Records shown Block Start
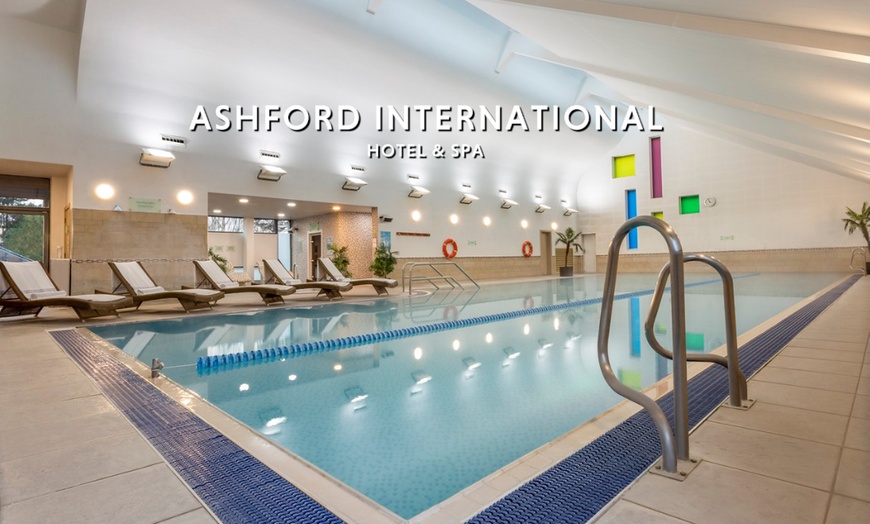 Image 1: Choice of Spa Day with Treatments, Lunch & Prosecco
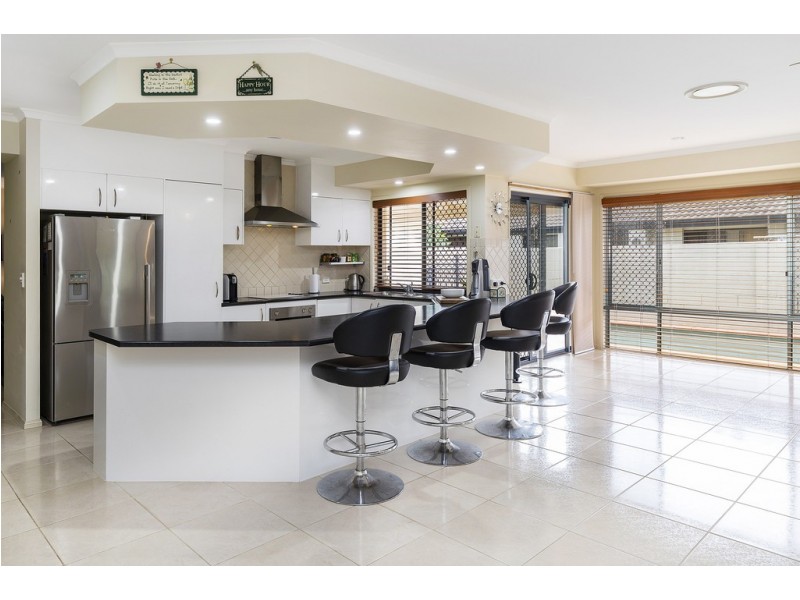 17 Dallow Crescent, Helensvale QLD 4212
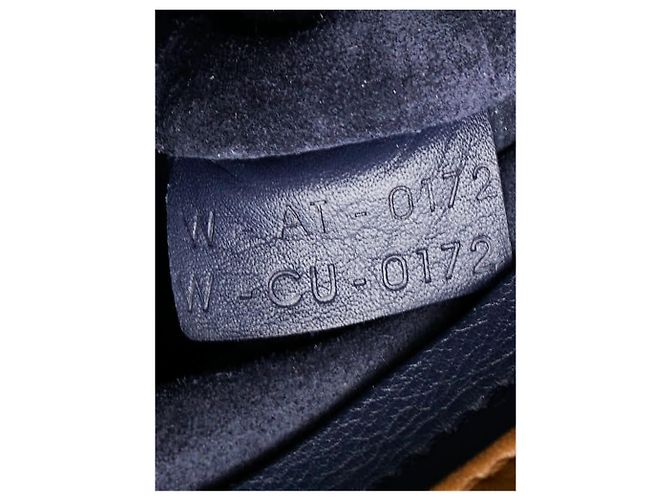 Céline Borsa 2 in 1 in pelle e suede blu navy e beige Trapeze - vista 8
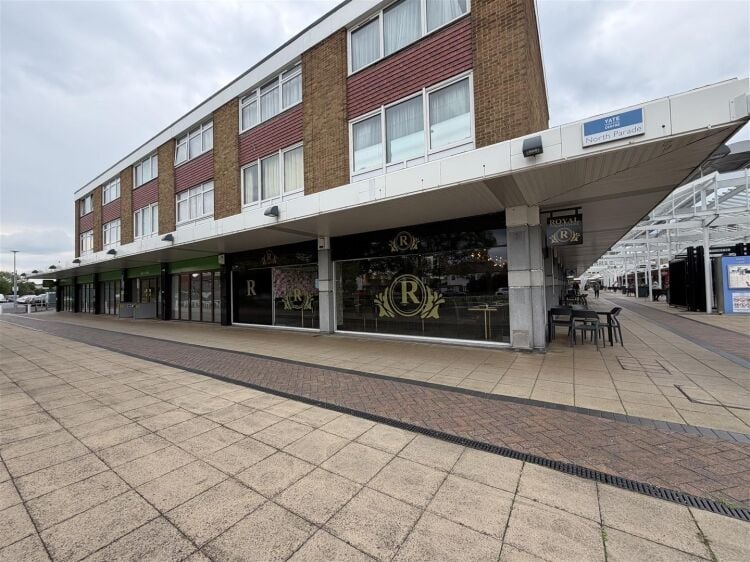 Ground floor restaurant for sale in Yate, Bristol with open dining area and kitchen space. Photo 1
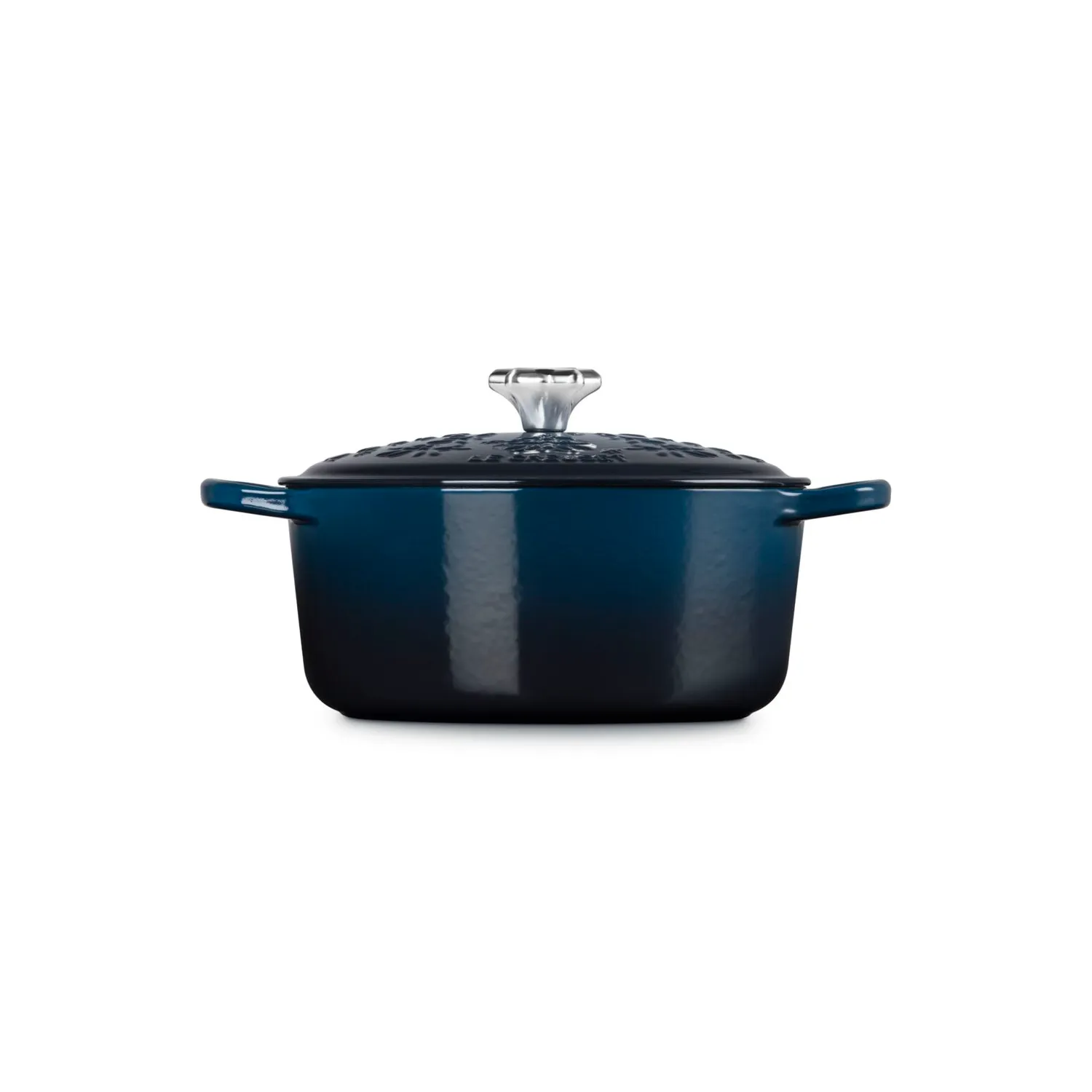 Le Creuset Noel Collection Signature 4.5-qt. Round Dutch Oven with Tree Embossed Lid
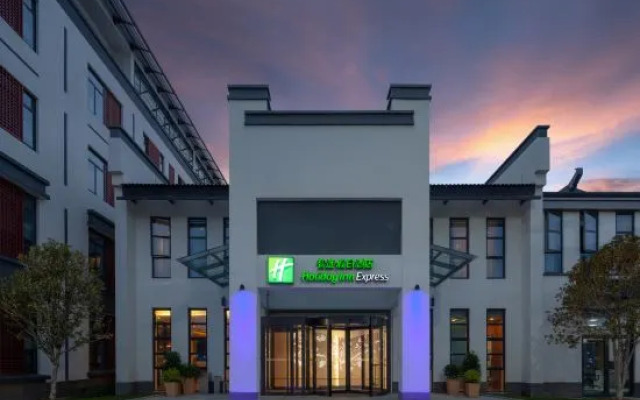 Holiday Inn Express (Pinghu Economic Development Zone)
Records shown Block End
### Directions for this task
Go through the entries above and print each one exactly, minus the pictures.

### Response to the exercise
 Image 1: Choice of Spa Day with Treatments, Lunch & Prosecco
 17 Dallow Crescent, Helensvale QLD 4212
 Céline Borsa 2 in 1 in pelle e suede blu navy e beige Trapeze - vista 8
 Ground floor restaurant for sale in Yate, Bristol with open dining area and kitchen space. Photo 1
 Le Creuset Noel Collection Signature 4.5-qt. Round Dutch Oven with Tree Embossed Lid
 Holiday Inn Express (Pinghu Economic Development Zone)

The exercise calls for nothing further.